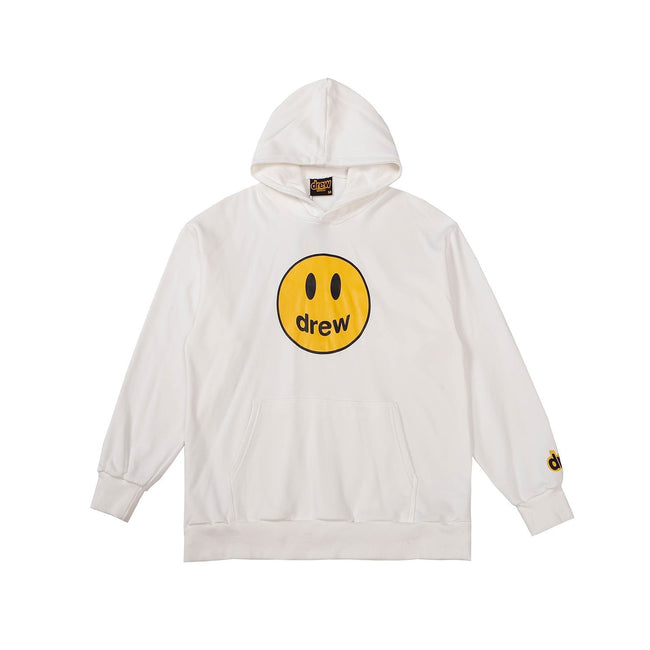 Drew House Mascot Smiley Logo White Unisex Oversized Fleece Hoodie Hover Image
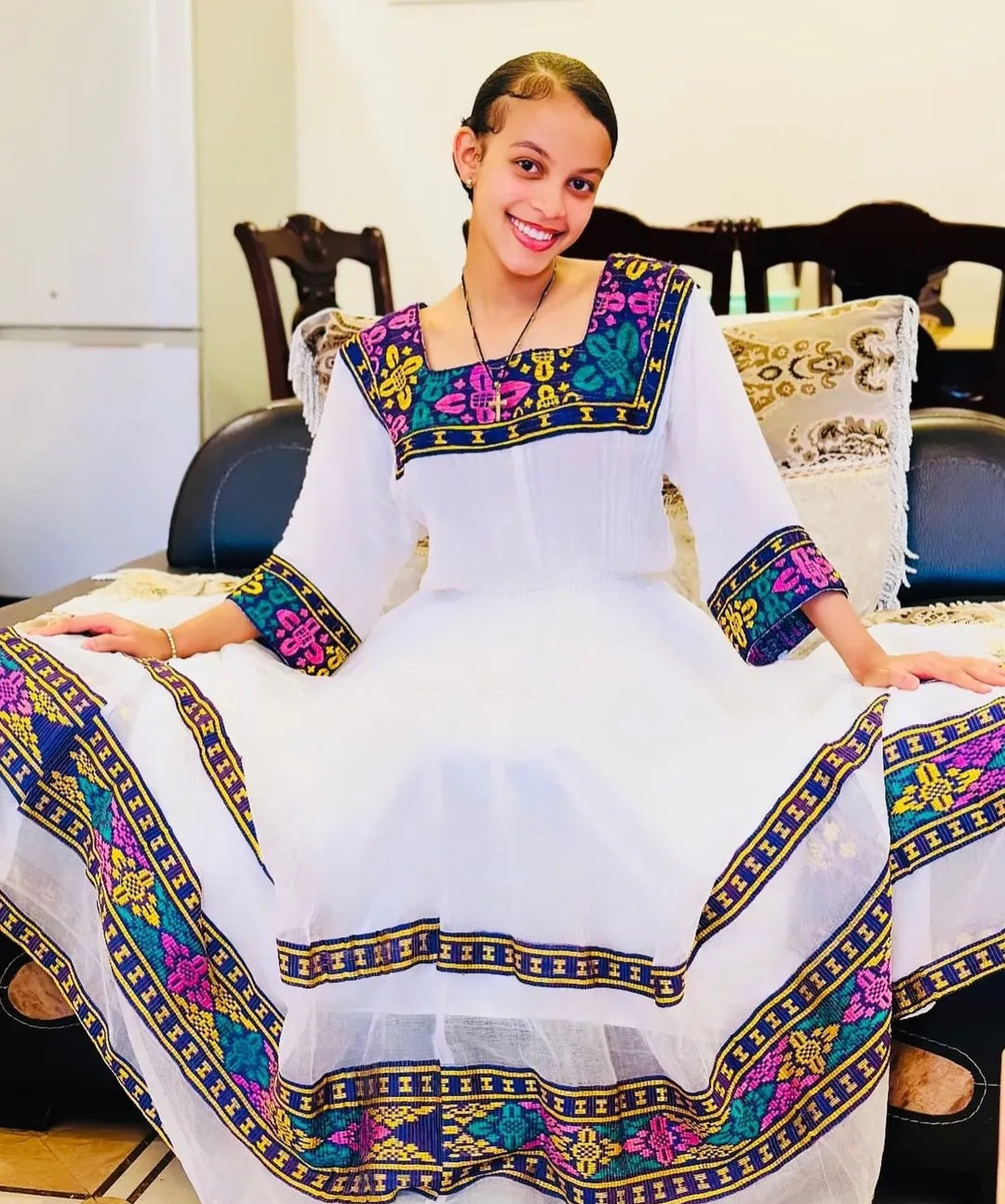 Traditional Ethiopian Attire with Vibrant Tilet - Elegant Habesha Dress for Women Bezawit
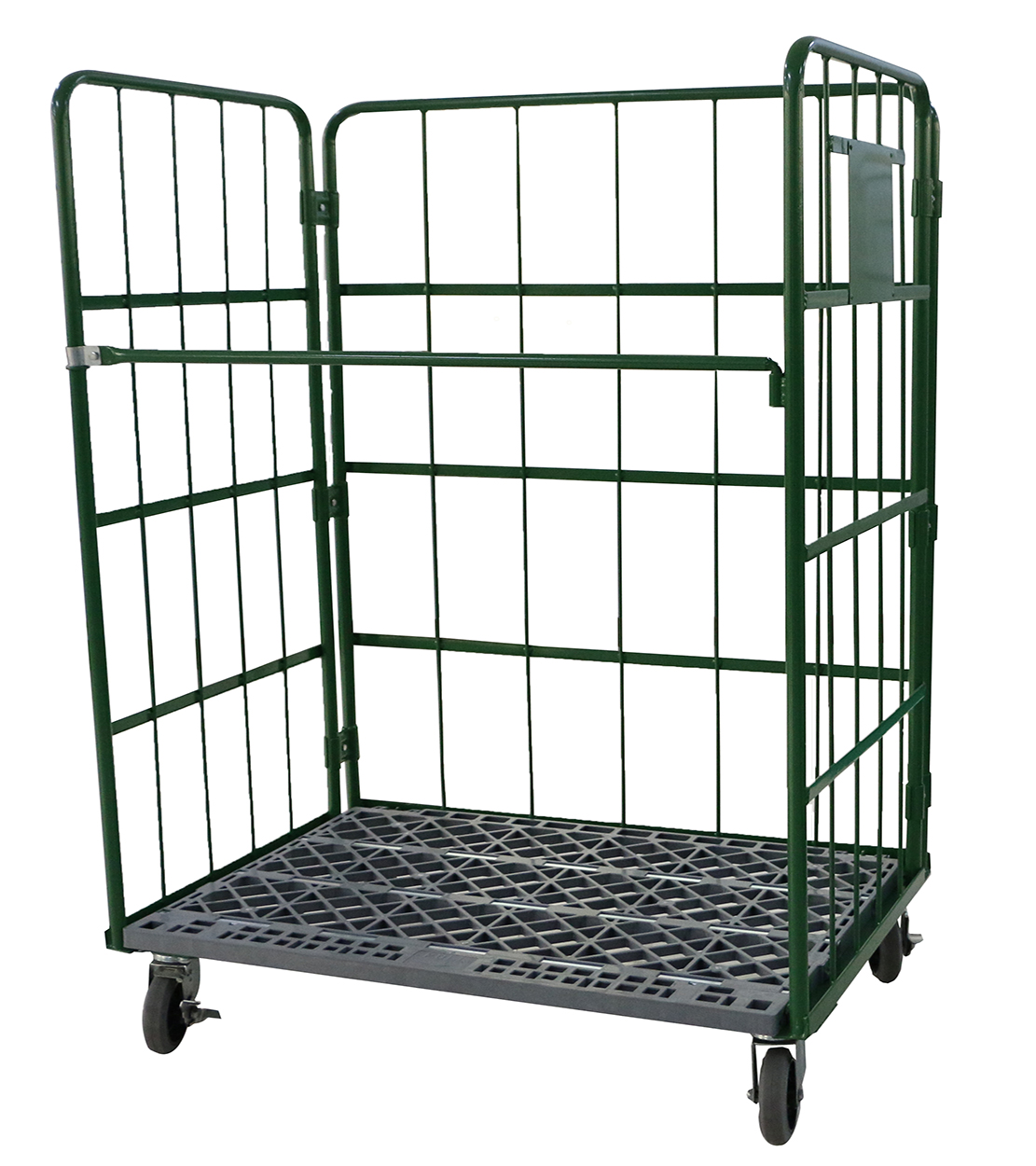 Three Sided Open Front Mesh Pallet Steel foldable storage trolley cart TC4633 Logistic tool cart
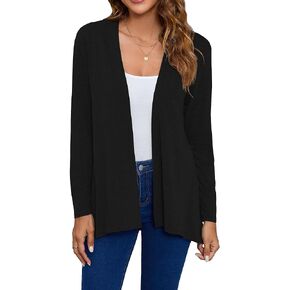 Women's Open Front Cardigan Loose Casual Long Sleeve Lightweight Cardigan Sweaters Duster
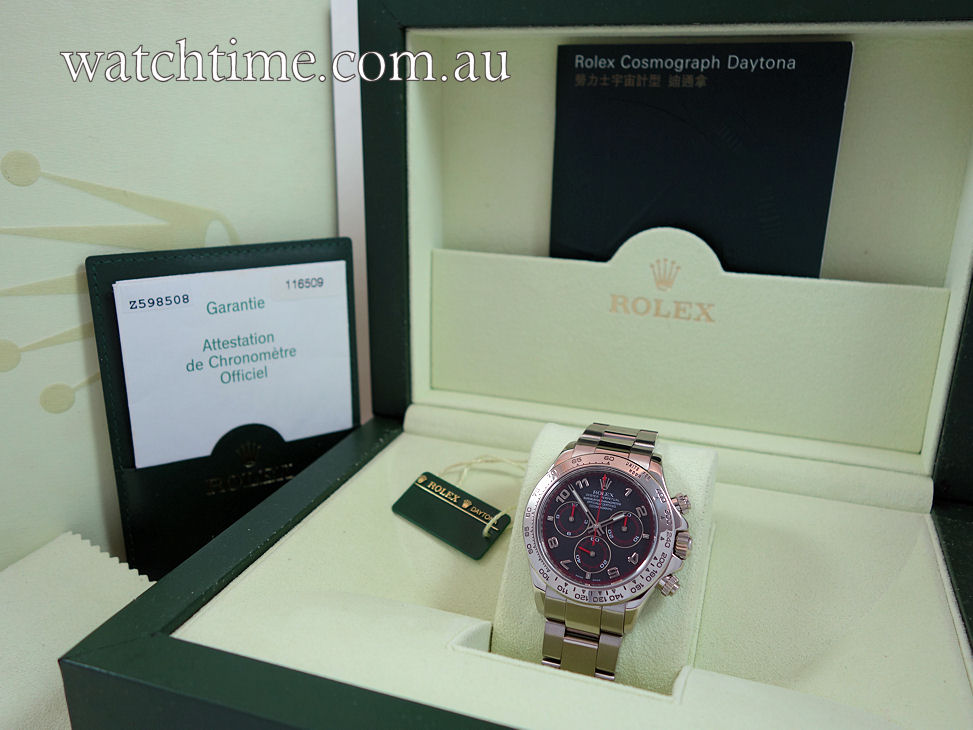 DSC02292 Rolex Daytona 18k White Gold, Black Racing dial 116509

* * *

Exercise prompt: Begin with the first line of the records and repeat every line up to the one with "Traditional Ethiopian Attire", counting that line too. Pictures are not part of the copy.

Problem solution:
 Drew House Mascot Smiley Logo White Unisex Oversized Fleece Hoodie Hover Image
 Traditional Ethiopian Attire with Vibrant Tilet - Elegant Habesha Dress for Women Bezawit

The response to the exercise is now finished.